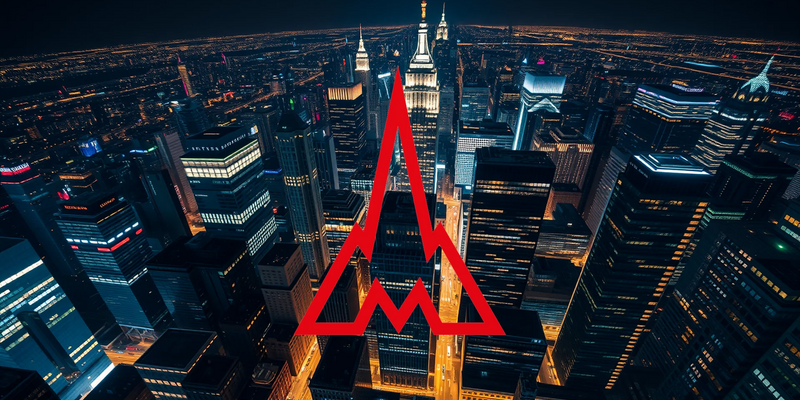 Deutz AG Aktie: Richtung stimmt! - Foto: über boerse-global.de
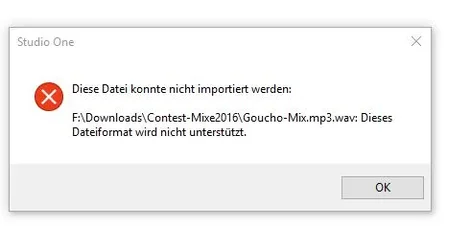 goucho.webp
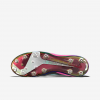 Nike Phantom 6 Low Elite By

**Instructions for the task**
Give an exact copy of the material, leaving out every picture.

**Exercise output**
 Deutz AG Aktie: Richtung stimmt! - Foto: über boerse-global.de
 goucho.webp
 Nike Phantom 6 Low Elite By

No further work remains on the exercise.